Duration, Repricing, and the Mismatch

· 4 min read

Watching what rising rates have done to bank securities portfolios over the past year got me looking into the broader question. Unrealized losses on bonds are one thing. The bigger question is how rate movements affect an entire balance sheet, not just the securities line. That's what interest rate risk actually is, and I've been spending time trying to understand the framework bankers use to manage it.

Learning About Interest Rate Risk

Duration

The concept that keeps coming up is duration. Not in the everyday sense of how long a loan lasts, but as a measure of how sensitive a financial instrument is to changes in interest rates.

The intuition is straightforward. If you hold a bond that pays you back entirely in two years, a rate change affects you for two years. If you hold one that pays over thirty years, you are exposed to that rate environment for much longer. Duration captures this. A higher duration means more sensitivity to rate changes. That is why long-dated bonds got hammered when the Fed raised rates. They had the most years of below-market payments baked into their price.

What made this click for me is that duration isn't just about bonds. Loans have duration. Deposits have duration, although that gets complicated because clients can move their money whenever they want. The whole balance sheet has a duration profile, and managing that profile is a big part of what risk management in banking is actually about.

The Mismatch

Here is where it gets interesting. Banks make money by borrowing short and lending long. Deposits, which are a bank's main source of funding, tend to reprice quickly. When rates go up, clients eventually demand higher rates on their savings. But loans, especially fixed-rate mortgages and commercial real estate, reprice slowly or not at all until they mature.

This is the asset-liability mismatch. The bank's liabilities (deposits) adjust to new rates faster than its assets (loans). In a rising rate environment, the cost of funding goes up while the income from loans stays flat. That compresses margins.

The Asset Liability Committee, often called ALCO, is the function at any bank responsible for monitoring this mismatch and deciding how to manage it. How much duration should the balance sheet take on? How fast are deposits likely to reprice? What happens to net interest margin if rates go up another 100 basis points? These are the kinds of questions ALCO works through, and the answers shape how a bank positions itself for the rate environment.

Repricing

The repricing side is where the mechanics get more concrete. Every asset and liability has a repricing date, the point at which the rate resets or the instrument matures.

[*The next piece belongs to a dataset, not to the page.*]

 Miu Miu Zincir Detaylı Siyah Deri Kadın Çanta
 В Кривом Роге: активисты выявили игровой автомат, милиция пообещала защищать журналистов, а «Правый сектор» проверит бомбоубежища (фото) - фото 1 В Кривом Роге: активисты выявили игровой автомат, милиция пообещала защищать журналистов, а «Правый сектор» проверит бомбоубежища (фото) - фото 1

A variable-rate loan reprices when the index it is tied to changes. A fixed-rate loan does not reprice until it matures or the borrower pays it off. On the liability side, checking accounts can theoretically reprice immediately but practically tend to be sticky. CDs reprice at maturity. Savings accounts fall somewhere in between.

What risk managers do is lay out all the assets and liabilities by when they reprice and look for gaps. If significantly more liabilities reprice in the next twelve months than assets, the bank is exposed to rising rates. Funding cost goes up but income does not follow. That gap is what they are trying to manage.

What I'm Taking Away

None of this was on my radar before. Now I understand enough to follow the conversation when it comes up. The framework isn't complicated once you see the pieces. Duration measures sensitivity. The mismatch between short-term funding and long-term lending is the fundamental risk. Repricing gaps show where the exposure sits.

What strikes me is how much of banking comes down to managing timing. A bank earns a spread between what it pays and what it charges, and the risk is that the timing of those cash flows does not line up the way the bank planned. Rates have moved fast over the past year. The Fed just raised again, and the rate is at 4.50 to 4.75 percent now. I'm glad I understand the mechanics better. It makes any conversation about portfolio positioning and deposit strategy feel a lot less abstract.